Vier Kostbarkeiten
A.I.M. by Kyle Abraham gastiert mit „Mixed Repertoire“ in Hamburg
Schon beim Betreten der K6 auf Kampnagel kommt gute Stimmung auf: Der Saal ist hell erleuchtet, die Bühne offen, fetzige Songs schallen aus den Lautsprechern. Nach hinten wird der Raum begrenzt von einer Art Mauer, von unregelmäßigen Schrägen durchzogen. In der rechten Ecke gruppieren sich fünf unbekleidete, weiß glänzende Schaufensterpuppen um ein Münz-Telefon, von der Decke hängen neun Röhren-Fernseher. Nur auf einem läuft ein Programm – Nachrichten aus den 80er Jahren, Gorbatschow, die royale Hochzeit von Lady Di mit Prince Charles, olympische Wettkämpfe, ein Flugzeugabsturz, Umweltkatastrophen.

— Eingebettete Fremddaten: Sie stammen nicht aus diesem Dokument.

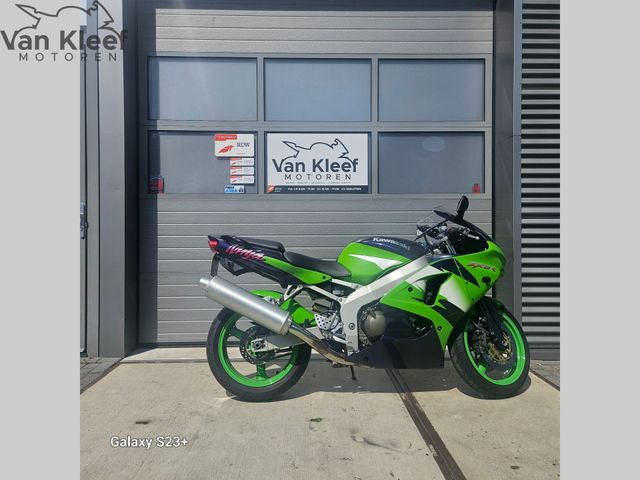 kawasaki - ninja-zx-6r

Unvermittelt tritt eine Frau von links auf die Bühne, mit wilder Mähne, in einem Fallschirmseiden-Trainingsanzug (Kostüm: Karen Young, Kyle Abraham). Langsam verlischt das Saallicht, und auf einmal sind alle Fernseher auf Sendung – mit ganz unterschiedlichen Programmen. Und nun entwickelt sich ein Stelldichein der besonderen Art: acht Tänzer*innen in eben solchen Fallschirmseiden-Anzügen und wilden Struwwel-Perücken kommen zusammen, begegnen sich, mal schalkhaft verschmitzt, mal gleichgültig-gelangweilt, um dann wieder auseinanderzugehen und wieder zueinander zu finden. Es ist ein Kommen und Gehen zu den großen Hits der 80er – und die Rhythmen gehen unmittelbar unter die Haut. Vielleicht vor allem denjenigen, die diese Zeit miterlebt haben.
Einer tanzt aus der Reihe
Nur einer, der neunte in der Gruppe, tanzt aus der Reihe: Er trägt keine wilde Perücke, er ist eher ein neutraler Beobachter, ein Zeitzeuge, der sich anschaut, was da passiert, ohne es zu werten, zu kommentieren. Immer wieder geistert er durch die Reihen, wie ein Außenseiter, macht sich Notizen, registriert das Gesehene. Und doch ist er ein Teil des Ganzen.
Kyle Abraham entwickelt zu der mitreißenden Musik eine eher sanfte Bewegungssprache, mit gestreckten Armen, weichen Beinen, biegsamen Körpern, die sich schlangenartig verrenken, ohne je künstlich zu wirken. Es ist alles organisch ineinander verwoben, harmonisch fügt es sich zusammen, und doch wird es immer wieder durchbrochen von abrupten Wechseln. Es sind spannende Arrangements voller Witz, Humor, Schwung, Selbstironie und Lebensfreude, während das großartige Bühnen-, Licht- und Videodesign von Dan Scully immer wieder neue Bilder produziert, eine atmosphärische Begleitung, die kongenial zum Tanz und ebenso zur Musik passt.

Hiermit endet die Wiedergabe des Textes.